Regular debates – with both haters and reasonable challengers – broke out about various aspects of the craft, such as juicing versus smoothies (with regard to the retained fiber content), which recipes offer the most health, and how long you can wait to drink a fresh juice before oxidation consumes the nutrients.
His response to these debates, either in word or in frame, has always been “don’t let perfect be the enemy of better.” If you want to use juice to improve your health, the most important move is…to be juicing regularly. That might mean modifying a “standard” juice recipe to be more to your taste, and making it a little less healthy. That might mean making all your juice on Sunday night, taking frozen bottles to work daily instead of getting literally fresh-from-the-blade product. Whatever it is, getting too caught up in the orthodox way you are “supposed” to be doing things more often than not will simply burn you out and prevent you from getting any benefits from the project at all. If you are worried about “oxidation” and don’t juice at all, you are replacing your food and fluid intake with something else that’s almost certainly not as good.
It’s a bit like the idea that the best workout plan is one that you know you can stick to, and purism and orthodoxy can be reasonably sacrificed if the alternative is not doing it period.

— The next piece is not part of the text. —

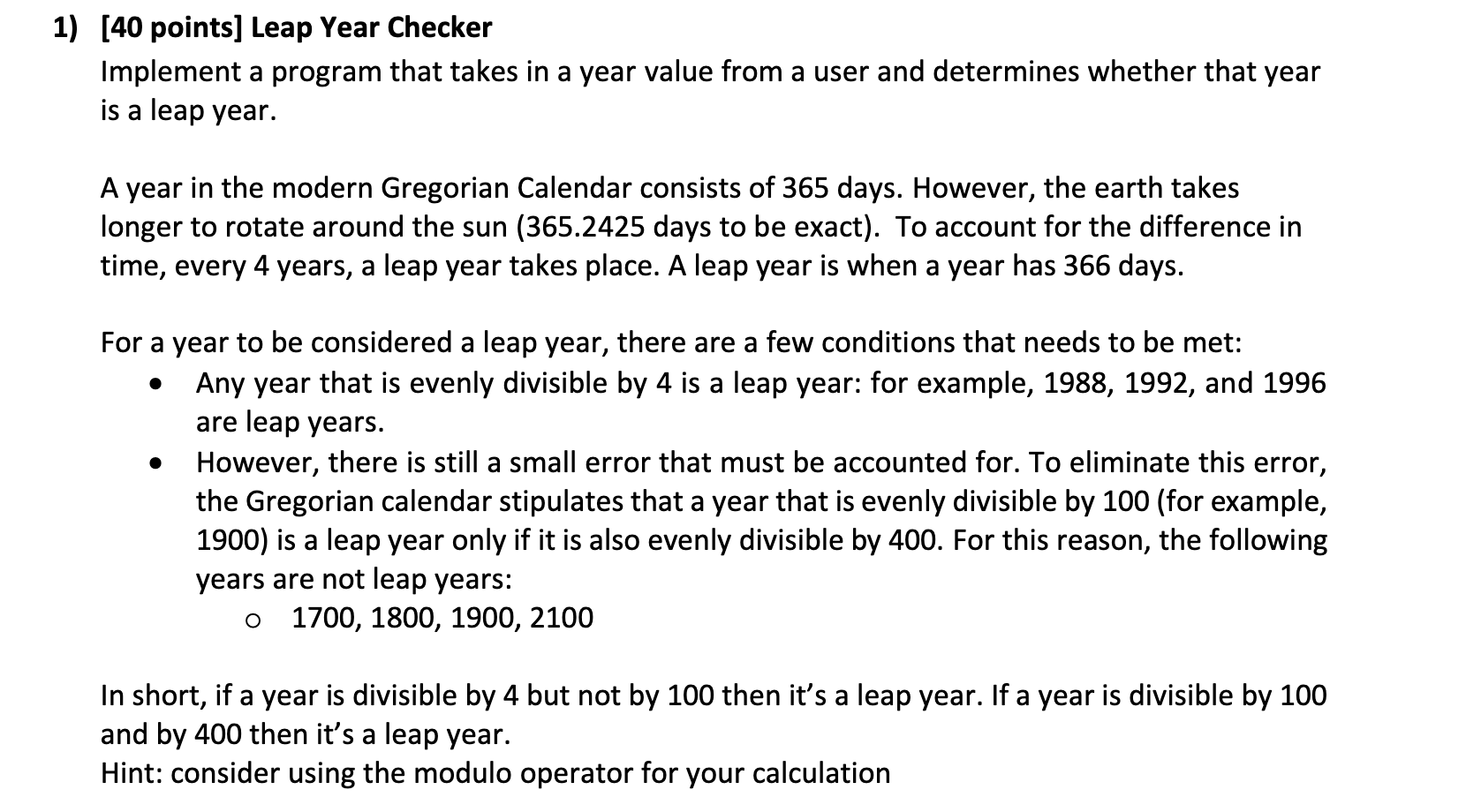 using python please [ 4 0 points ] Leap Year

People complain “I don’t have enough time to work out today,” but those who are good at keeping their fitness up know to do just the push-ups and the sit-ups, or the five minutes with the foam rollers, if that’s all they have time for that day.
PURISM MASKS FEAR
I’ve noticed in my own life and in others’ that appeals to purity and perfectionism can sometimes be a subconsciously intentional self-defeat mechanism, occasionally including a shame or fear-of-failure factor. We humans are very good at straw-manning ourselves out of doing things, and providing a self-deprecating script is a classic way we do it.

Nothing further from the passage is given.